Historiker und Versöhner: Begegnung mit Joseph Walk

Vielleicht liegt es daran, daß Joseph Walk seit 60 Jahren unterrichtet. Jedenfalls wird er bei der Begegnung in der Halle eines Freiburger Hotels nicht müde, das Gegenüber zu fragen: "Spreche ich zu schnell? Kennen Sie koscheres Essen? Sie wissen, was die Aktion Sühnezeichen ist?" Am Sonntag hat der 82 Jahre alte jüdische Historiker und Friedensaktivist in Freiburg die Buber-Rosenzweig-Medaille erhalten. In der Laudatio würdigt ihn der Vertreter der Gesellschaften für Christlich-Jüdische Zusammenarbeit als "Lehrer der Hoffnung und des Neuanfangs zwischen Juden und Christen, zwischen Deutschland und Israel".

Die wohl prägendste Erfahrung für Joseph Walk war die, als Jude in Deutschland einer Minderheit anzugehören. Er wurde 1914 in Breslau geboren, als Sohn einer religiösen, zugleich deutsch und zionistisch gesinnten Familie. Angesichts einer feindseligen Umgebung fand er seine Heimat in der Thora und im Talmud, in der jüdischen Schule und der jüdischen Gemeinde. Er wählte den Beruf des Erziehers: Nach Hitlers Machtübernahme unterrichtete er an jüdischen Volksschulen, bis er 1936 nach Palästina emigrierte.

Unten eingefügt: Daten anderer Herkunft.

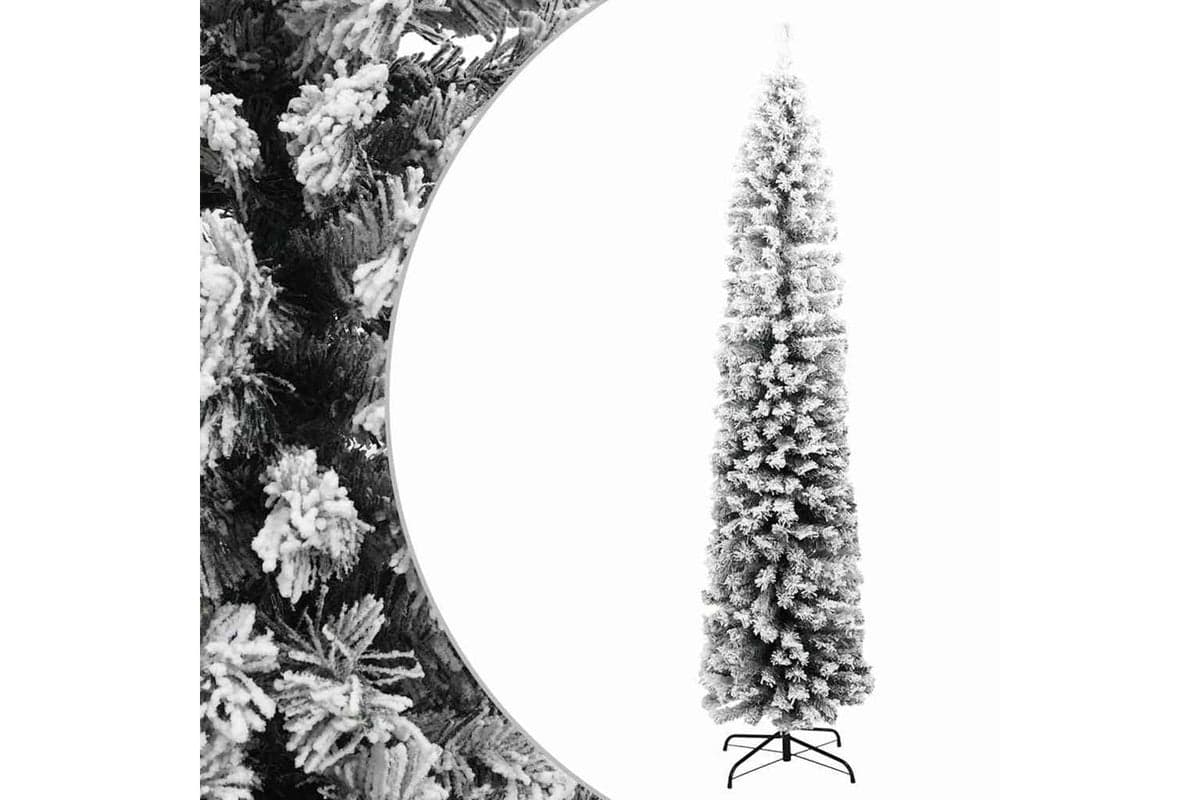 Vidaxl Slim Artificial Christmas Tree With Flocked Snow Green 180 Cm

Dort arbeitete er jahrelang als Dorfschullehrer. Erst der 40jährige schrieb sich an der Universität Jerusalem ein, studierte Pädagogik und Jüdische Geschichte. Er wurde Wissenschaftler und blieb ein religiöser Jude. Noch heute trägt er die Kibba, das Gebetskäppchen, und hält die Sabbat-Ruhe strikt ein, "als Vorwegnahme des Paradieses". Und noch heute setzt er ausgerechnet auf die Religion als Weg zur Verständigung, in der Hoffnung auf die gemeinsame ethische Basis aller Bekenntnisse.

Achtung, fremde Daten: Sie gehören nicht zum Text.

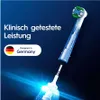 A close-up, x-ray-like view of an electric toothbrush head and its connection to the handle, set against a dark blue background with light effects. Produktbild-Vorschau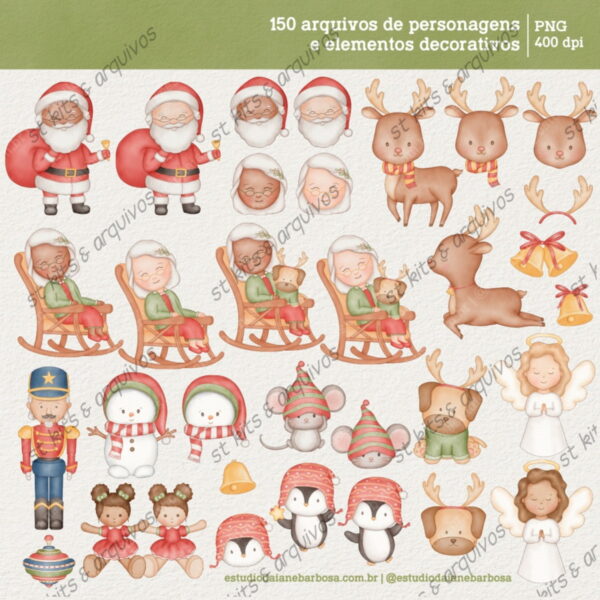 Kit Digital Natal dos Sonhos em Aquarela - Image 2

Ob in Deutschland oder im Holocaust-Dokumentatonszentrum Yad Vashem, mindestens einmal im Monat spricht Walk in seinem "Weimarer Deutsch" vor deutschem Publikum. Meist stammt es aus christlichen Kreisen, etwa aus dem Umfeld der "Aktion Sühnezeichen", und will die jüdischen Wurzeln des Christentums kennenlernen.

Die Zugehörigkeit zu einer Minderheit - "als religiöser Jude im Judentum, als Zionist innerhalb der Juden und als Sozialist innerhalb der zionistisch-religiösen Juden" - zwang ihn, wie er sagt, "selbst zu denken", befähigte ihn zu einem nonkonformistischen Leben. Das "Selberdenken" prägte nicht zuletzt seine wissenschaftliche Arbeit als Historiker. Er wählte Randthemen, vergessene Kapitel In der Geschichte des deutschen Judentums, und ließ in ihnen die "große" Geschichte seines Volkes aufleuchten. Besonders für seine Doktorarbeit: "Die Erziehung des jüdischen Kindes im Nazi-Deutschland" erhielt er viel Lob und Anerkennung. Walk avancierte zum Professor für jüdische Geschichte an der Universität Bar-Ilan in Tel Aviv und 1978 zum Leiter des Jerusalemer Leo-Baeck-Instituts.

Die Erfahrung der Fremdheit schärfte auch sein Einfühlungsvermögen für die Angehörigen anderer Minderheiten. Sie ließ ihn, wie er in einem Aufsatz schrieb, "nachempfinden, was die arabische Minderheit heute in Israel empfindet". Mit gleichgesinnten religiösen Zionisten gründete er in den 70er Jahren die religiöse Friedensbewegung "Oz ve Shalom", die zu Verständigung und Toleranz aufruft.

Wenngleich Walk nach den jüngsten Anschlägen von Hamas für eine "Atempause" im Friedensprozeß eintritt, hält er am Grundsatz "Land gegen Frieden" fest. „Schließlich ist man nicht ungestraft Besatzungsmacht", sagt Walk. Die Gewalt falle letztlich auf die Israelis zurück, füge ihren Seelen Schaden zu. Seine Tochter sieht das anders: Sie leitet den religiösen Piratensender "Arutz (Kanal) 7", der ein Groß-Israel propagiert, am besten "bis jenseits vom Jordan". Der Riß, der die Gesellschaft entzweit, geht auch durch Joseph Walks Familie. Die Konsequenz: Über Politik wird in seinem Haus nicht mehr gesprochen.